▸ **What this task involves**:
Word-for-word transcription needed. Include every entry below but no pictures.

▸ **Recorded data**:
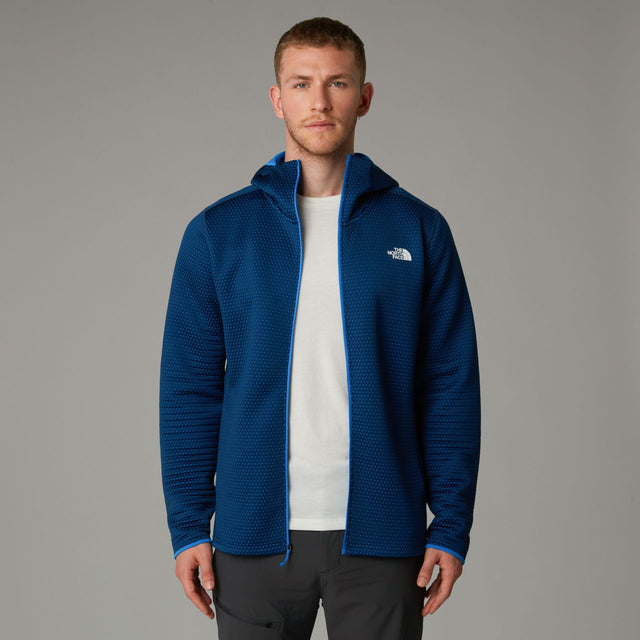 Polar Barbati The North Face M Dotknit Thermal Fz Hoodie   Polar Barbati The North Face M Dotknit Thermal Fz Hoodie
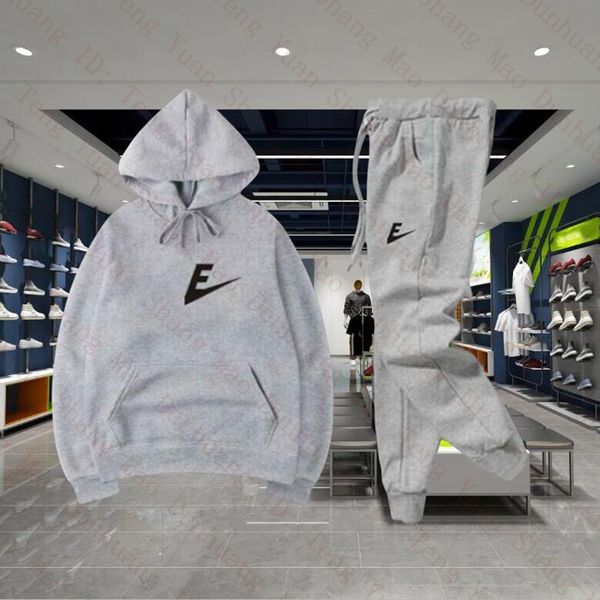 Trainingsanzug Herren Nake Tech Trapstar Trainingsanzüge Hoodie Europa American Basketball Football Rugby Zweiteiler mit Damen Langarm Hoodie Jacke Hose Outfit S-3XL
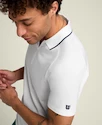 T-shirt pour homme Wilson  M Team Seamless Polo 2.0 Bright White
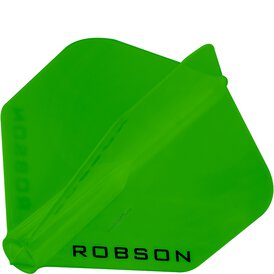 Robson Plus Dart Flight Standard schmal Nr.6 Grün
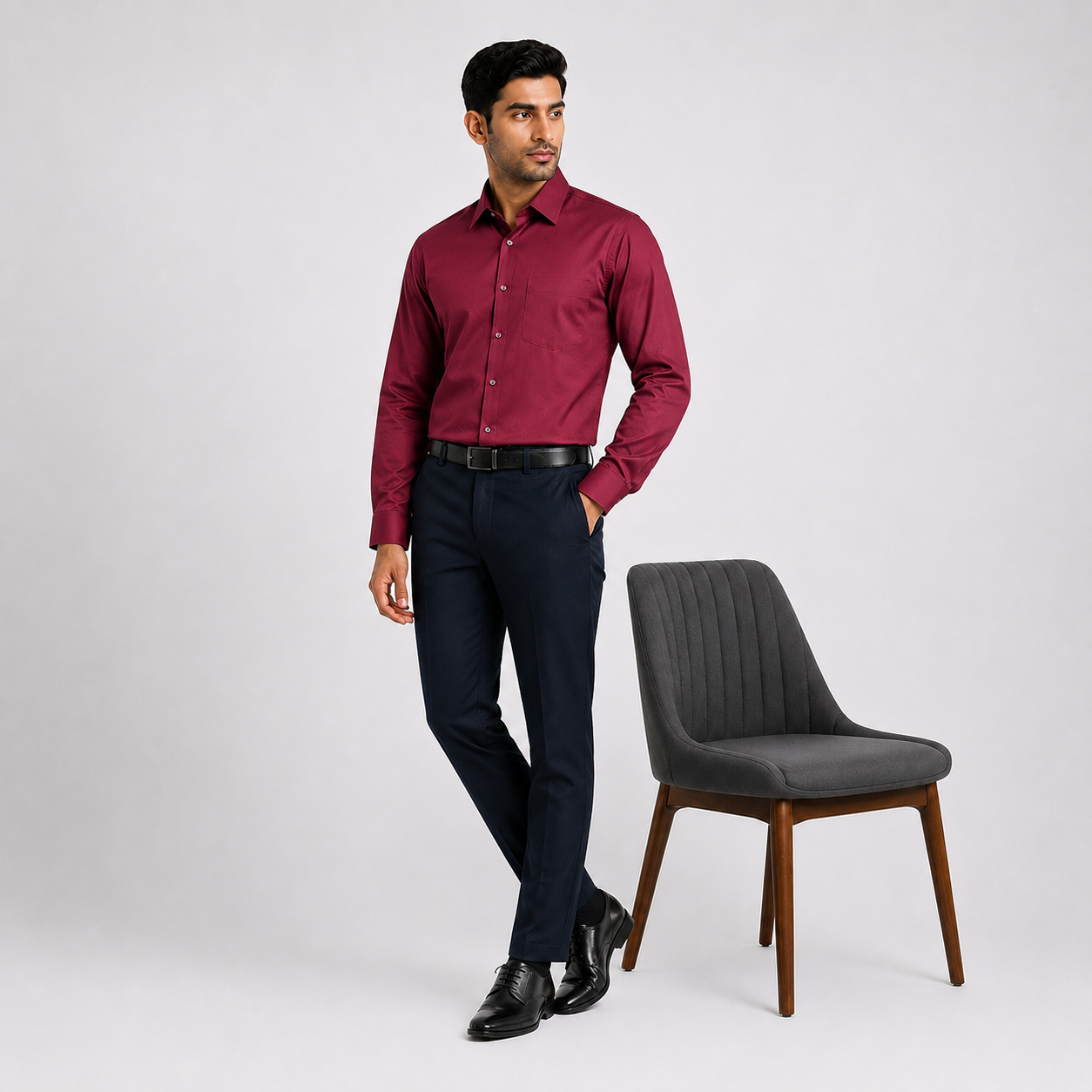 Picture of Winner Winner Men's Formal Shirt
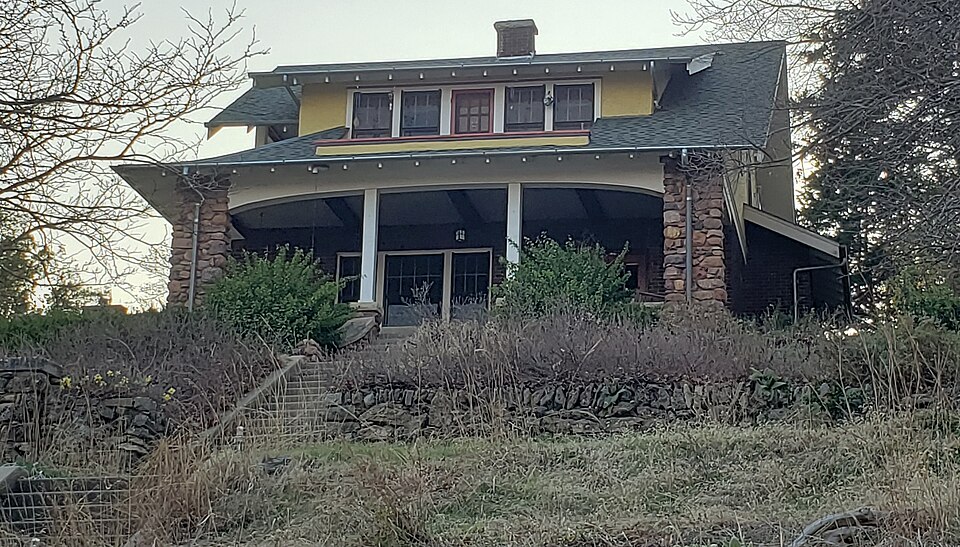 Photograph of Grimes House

▸ **Result of this exercise**:
 Polar Barbati The North Face M Dotknit Thermal Fz Hoodie   Polar Barbati The North Face M Dotknit Thermal Fz Hoodie
 Trainingsanzug Herren Nake Tech Trapstar Trainingsanzüge Hoodie Europa American Basketball Football Rugby Zweiteiler mit Damen Langarm Hoodie Jacke Hose Outfit S-3XL
 T-shirt pour homme Wilson  M Team Seamless Polo 2.0 Bright White
 Robson Plus Dart Flight Standard schmal Nr.6 Grün
 Picture of Winner Winner Men's Formal Shirt
 Photograph of Grimes House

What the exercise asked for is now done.